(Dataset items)
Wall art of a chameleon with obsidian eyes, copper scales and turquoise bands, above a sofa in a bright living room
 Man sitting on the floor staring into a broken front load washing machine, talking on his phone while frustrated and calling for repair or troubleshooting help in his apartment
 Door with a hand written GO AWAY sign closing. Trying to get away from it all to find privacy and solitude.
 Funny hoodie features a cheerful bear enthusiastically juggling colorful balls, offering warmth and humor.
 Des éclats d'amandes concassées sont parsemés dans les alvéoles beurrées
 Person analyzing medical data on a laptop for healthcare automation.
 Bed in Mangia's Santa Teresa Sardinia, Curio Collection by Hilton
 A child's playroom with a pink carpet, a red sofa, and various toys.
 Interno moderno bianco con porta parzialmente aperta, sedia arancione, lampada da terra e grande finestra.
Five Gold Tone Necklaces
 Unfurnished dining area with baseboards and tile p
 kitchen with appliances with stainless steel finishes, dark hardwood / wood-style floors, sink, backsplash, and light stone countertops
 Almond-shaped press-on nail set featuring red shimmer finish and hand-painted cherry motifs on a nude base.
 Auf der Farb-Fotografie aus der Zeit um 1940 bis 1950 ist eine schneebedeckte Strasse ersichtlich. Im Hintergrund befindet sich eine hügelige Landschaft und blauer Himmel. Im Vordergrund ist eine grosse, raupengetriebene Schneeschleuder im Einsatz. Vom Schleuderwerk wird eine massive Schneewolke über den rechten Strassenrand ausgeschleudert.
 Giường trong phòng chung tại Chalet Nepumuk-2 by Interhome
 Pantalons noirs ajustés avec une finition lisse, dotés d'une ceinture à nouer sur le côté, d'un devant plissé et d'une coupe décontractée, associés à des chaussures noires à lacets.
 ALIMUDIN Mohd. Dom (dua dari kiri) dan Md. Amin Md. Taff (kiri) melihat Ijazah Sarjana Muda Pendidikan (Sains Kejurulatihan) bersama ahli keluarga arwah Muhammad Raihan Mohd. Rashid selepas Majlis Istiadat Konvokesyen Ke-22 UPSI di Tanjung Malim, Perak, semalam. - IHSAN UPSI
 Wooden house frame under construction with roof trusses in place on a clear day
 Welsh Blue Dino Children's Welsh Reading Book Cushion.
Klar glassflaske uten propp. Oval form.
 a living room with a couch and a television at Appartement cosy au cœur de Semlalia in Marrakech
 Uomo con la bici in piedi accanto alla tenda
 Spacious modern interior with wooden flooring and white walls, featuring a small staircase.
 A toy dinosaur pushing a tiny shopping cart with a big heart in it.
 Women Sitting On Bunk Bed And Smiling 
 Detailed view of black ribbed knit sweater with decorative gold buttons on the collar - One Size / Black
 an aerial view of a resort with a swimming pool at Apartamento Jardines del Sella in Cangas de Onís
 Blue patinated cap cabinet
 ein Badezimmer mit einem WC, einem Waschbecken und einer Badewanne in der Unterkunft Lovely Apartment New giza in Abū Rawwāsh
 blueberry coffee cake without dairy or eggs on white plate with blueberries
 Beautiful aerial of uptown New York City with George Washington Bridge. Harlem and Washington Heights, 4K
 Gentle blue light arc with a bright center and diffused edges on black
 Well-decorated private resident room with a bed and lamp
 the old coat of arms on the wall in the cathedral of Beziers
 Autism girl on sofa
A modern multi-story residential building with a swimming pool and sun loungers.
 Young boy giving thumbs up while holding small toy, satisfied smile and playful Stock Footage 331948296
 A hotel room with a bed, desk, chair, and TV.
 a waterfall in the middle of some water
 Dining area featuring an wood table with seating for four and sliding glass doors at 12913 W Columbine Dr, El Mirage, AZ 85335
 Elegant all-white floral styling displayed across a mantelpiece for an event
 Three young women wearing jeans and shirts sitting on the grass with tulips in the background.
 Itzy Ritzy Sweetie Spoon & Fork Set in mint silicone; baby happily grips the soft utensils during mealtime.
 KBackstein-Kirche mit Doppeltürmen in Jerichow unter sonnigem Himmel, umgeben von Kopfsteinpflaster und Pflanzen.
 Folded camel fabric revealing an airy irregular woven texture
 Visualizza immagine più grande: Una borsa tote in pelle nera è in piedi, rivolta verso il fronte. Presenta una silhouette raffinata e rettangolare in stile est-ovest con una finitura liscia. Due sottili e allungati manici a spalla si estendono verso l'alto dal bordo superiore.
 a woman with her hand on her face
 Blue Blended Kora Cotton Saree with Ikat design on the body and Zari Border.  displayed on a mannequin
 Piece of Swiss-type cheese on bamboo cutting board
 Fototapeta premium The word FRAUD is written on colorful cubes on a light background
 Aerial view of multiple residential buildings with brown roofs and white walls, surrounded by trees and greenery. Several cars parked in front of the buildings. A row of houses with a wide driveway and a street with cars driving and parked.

Directions: Look over the records. Copy the lines that include the word "featuring".

Solution to this problem:
 Almond-shaped press-on nail set featuring red shimmer finish and hand-painted cherry motifs on a nude base.
 Spacious modern interior with wooden flooring and white walls, featuring a small staircase.
 Dining area featuring an wood table with seating for four and sliding glass doors at 12913 W Columbine Dr, El Mirage, AZ 85335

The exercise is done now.